Another point must also be grasped here if one is to understand what is happening in the modern world, and that is that rights and privileges cannot co-exist in the same society. They are not only opposites, but opposites in the sense that privileges will destroy the concept of rights whenever they are mixed in a political system.

For example, the nature of the material reality surrounding us is that it is made up of numerous entities composed of opposite existential structures that cannot commingle and still retain their specific existences. That is to say if they are mixed, one of the opposites will dominate the other and destroy it. For example: locusts destroy wheat when mixed. The same goes for acid and silver, mold and bread, tornadoes and towns, fires and forests.

This feature of reality exists not only materially, but also spiritually. In other words, the intellectual realm is subject to this same operating principle, for there are fundamental opposites that cannot be mixed without one destroying the other. Rights and privileges are an example; they are philosophical opposites. Whenever a privilege is granted by the government to someone or some group, a right has to be destroyed in the process. If thousands of privileges are granted, then thousands of rights must be destroyed.

This is the nature of our modern day political scene. Large numbers of people are demanding special privileges from the government, and in the process are destroying the legitimate rights of their fellow men. Every time someone votes for government to provide a subsidy, or a tax break, or a price support, or a monopoly, or an injection of fiat money, he is asking for a special privilege and in the process is destroying equal rights. Once the "equality" of our rights is destroyed, then our rights themselves no longer exist. Once our rights no longer exist, then the prevailing society has evolved into a dictatorship.

Mutual Exclusivity

In conclusion, rights and privileges cannot be mixed. This is the Law of Mutual Exclusivity. A just, stable and free society cannot provide special privileges for some of its citizens and remain just, stable and free. The curse of modern day societies is that their governing authorities believe they can circumvent this truth.

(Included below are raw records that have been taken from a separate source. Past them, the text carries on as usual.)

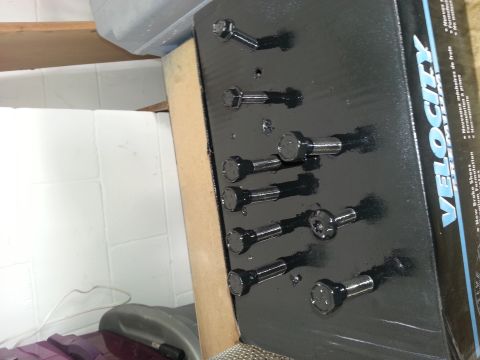 1994 Ford Bronco - A box of Velocity brake shoes is displayed with bolts arranged on a black backing board.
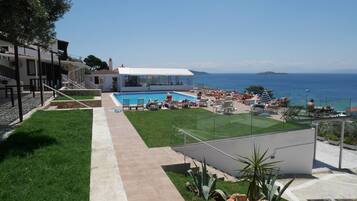 Zona de piscina con vistas despejadas al mar, un área de estar cubierta y un camino que lleva a la piscina.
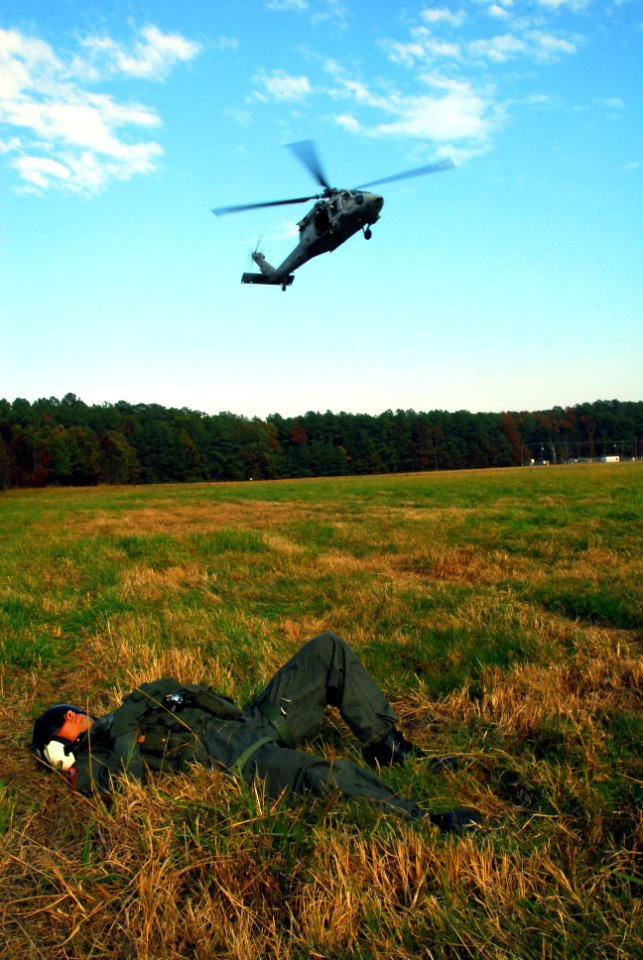 US Navy 071114-N-8704K-075 Aviation Warfare Systems Operator 3rd Class Elias Diaz-Kincaid, assigned to Helicopter Sea Combat Squadron (HSC) 26, awaits retrieval from a MH-60S Seahawk helicopter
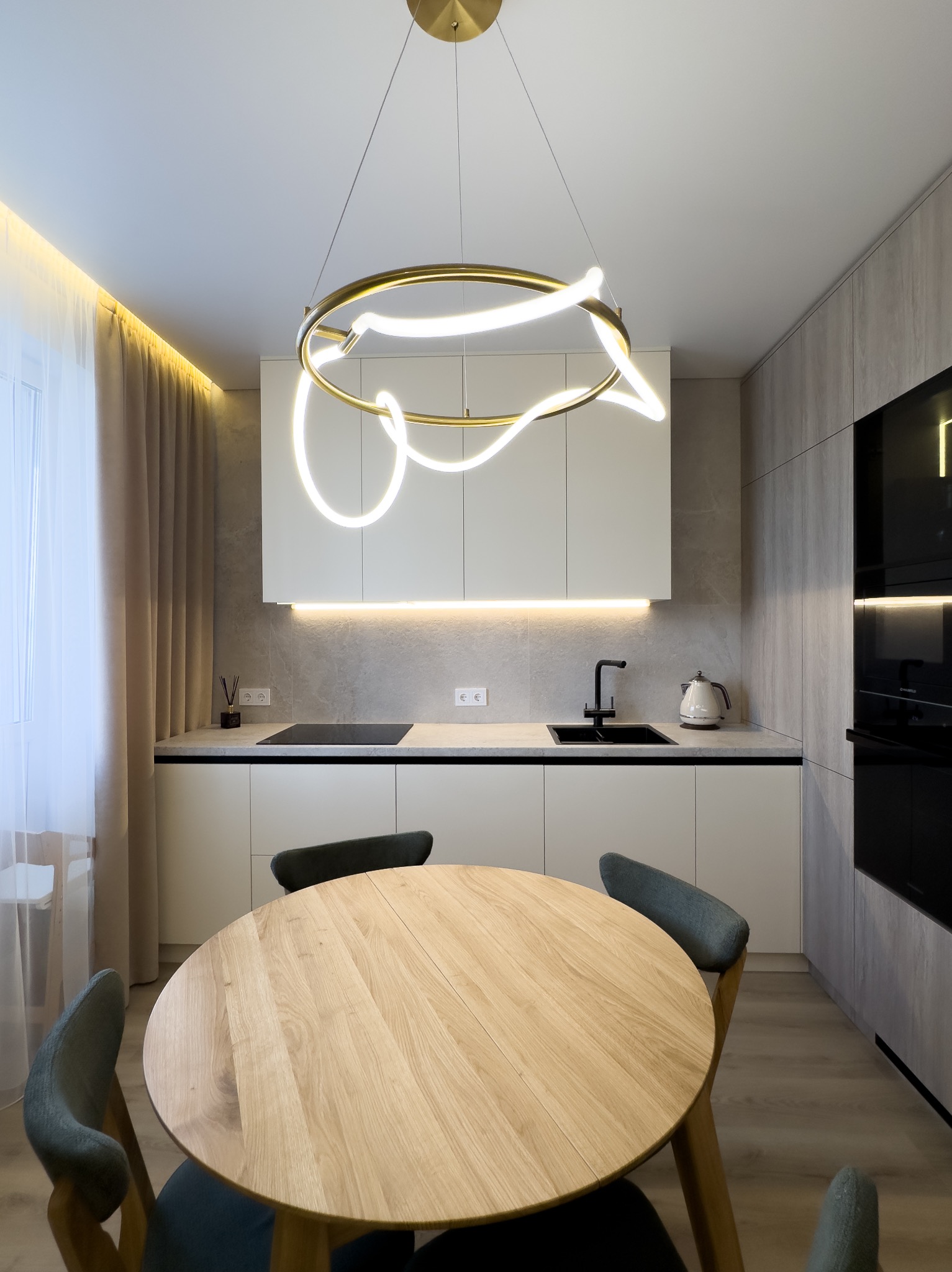 Nowoczesna kuchnia z okrągłym stołem i designerską lampą sufitową. Białe szafki, szare panele ścienne i podświetlenie LED tworzą elegancki wystrój wnętrza.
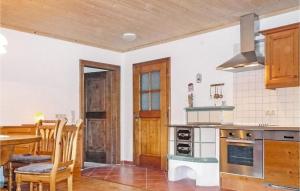 a kitchen with a table and a dining room at 4 Bedroom Amazing Apartment In Grossarl in Grossarl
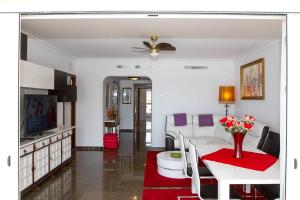 sala de estar con mesa blanca y alfombra roja en Carihuela, en Torremolinos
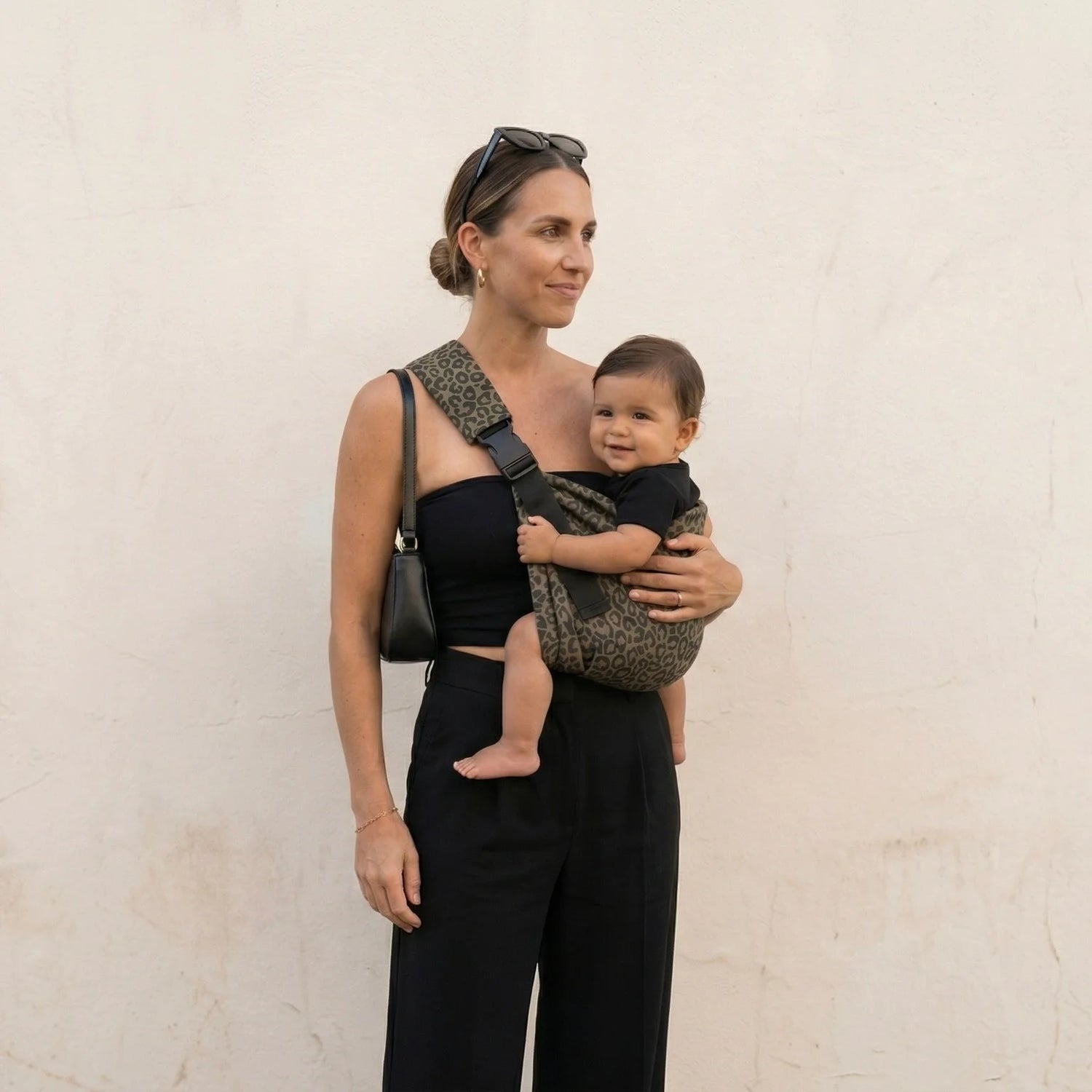 Madre con top negro elegante mirando al horizonte con bebé en portabebés Bilby Instinct leopardo — cuerpo entero fondo liso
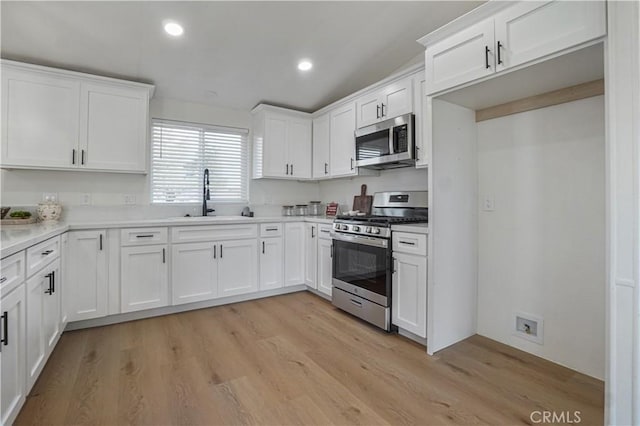 6294 Sunnyslope Rd, Phelan, CA 92371 - kitchen with appliances with stainless steel finishes, a sink, white cabinets, light wood-style flooring, and recessed lighting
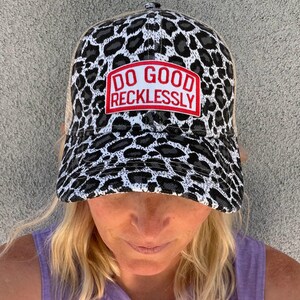 Op de afbeelding: Een pet met een zwart, wit en grijs luipaardprint ontwerp op het voorpaneel en de klep. De pet heeft een rood embleem met de witte tekst "DO GOOD RECKLESSLY". De achterkant is van beige mesh.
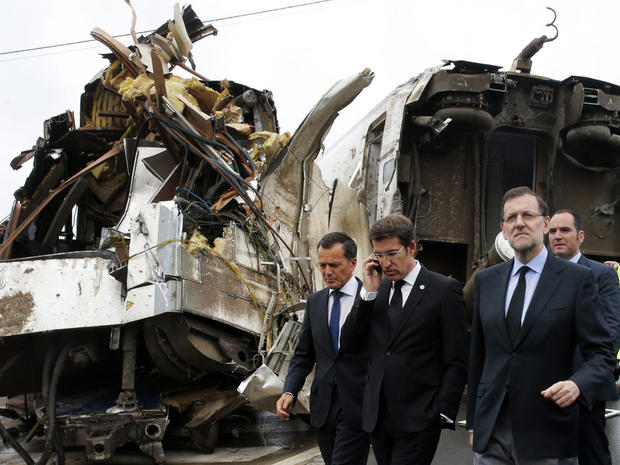 Spanish Prime Minister Mariano Rajoy, right, and Galicia's regional president, Alberto Nunez Feijoo, second left, visit the site of a train accident near the city of Santiago de Compostela, Spain, July 25, 2013. 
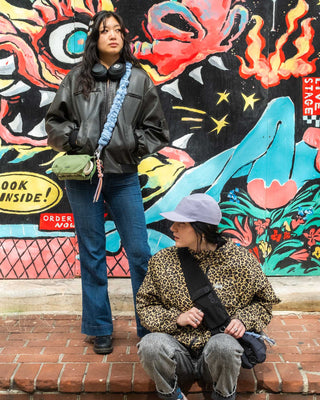 Two people pose before a colorful street mural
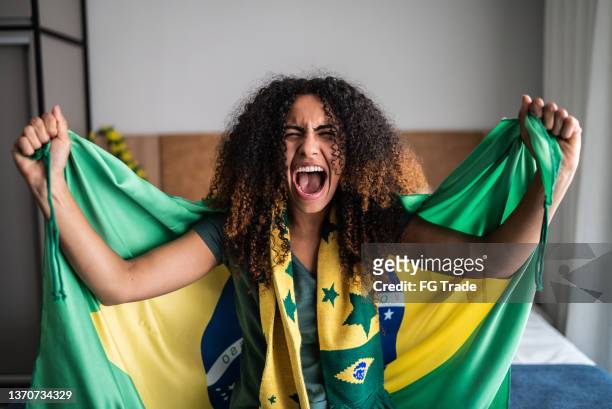 aufgeregte junge frau feiert mit brasilianischer flagge - female fans brazil stock-fotos und bilder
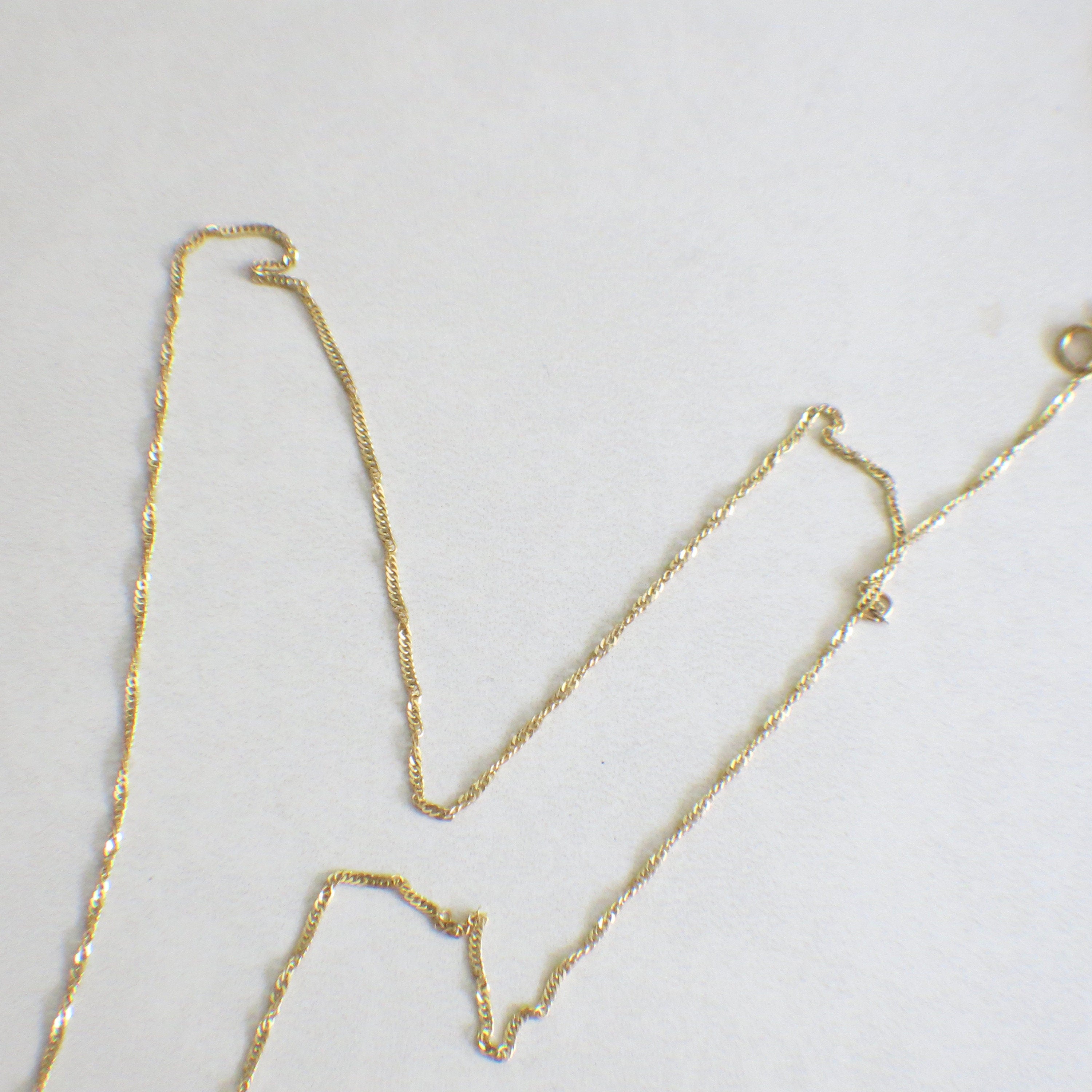 14K Yellow Gold Singapore Chain Necklace – 18", 1.1 mm - Black Market LLC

What this means is that a society must be based upon equal rights, or it must be based upon special privileges, but it cannot be based upon both. The latter consumes the former. Just as wheat and locusts cannot co-exist in the same field, neither can rights and privileges co-exist in the same society. Just as locusts will eventually spread throughout the entire field to destroy the wheat and its life-giving nutrients, so also will government conveyed privileges spread throughout an entire society to destroy the concept of rights, and with it the life-giving values of justice, freedom and stability.

This is why we have the insufferable locust horde of factions, coalitions, foundations, corporations, banks and divergent individuals today who feel their "need" justifies their lining up at the government trough to lobby for the corrupt favors, handouts and pork that have flowed so overwhelmingly from Washington for the past 100 years. Once we step beyond minimal Lockean government so as to allow government to violate individual rights to convey special privileges to others and accept this as morally legitimate, there is no end to the process. Tyranny must follow.

Government should not be in the business of conveying privileges and favors to anyone. Period. It should protect rights and do for us those few things we cannot do for ourselves in a free market, and these few services should be done on the state and local level. This was the Lockean ideal that the Founders envisioned. This is the only morally just form of government. It was not meant just for the nineteenth century; it was meant for all of time.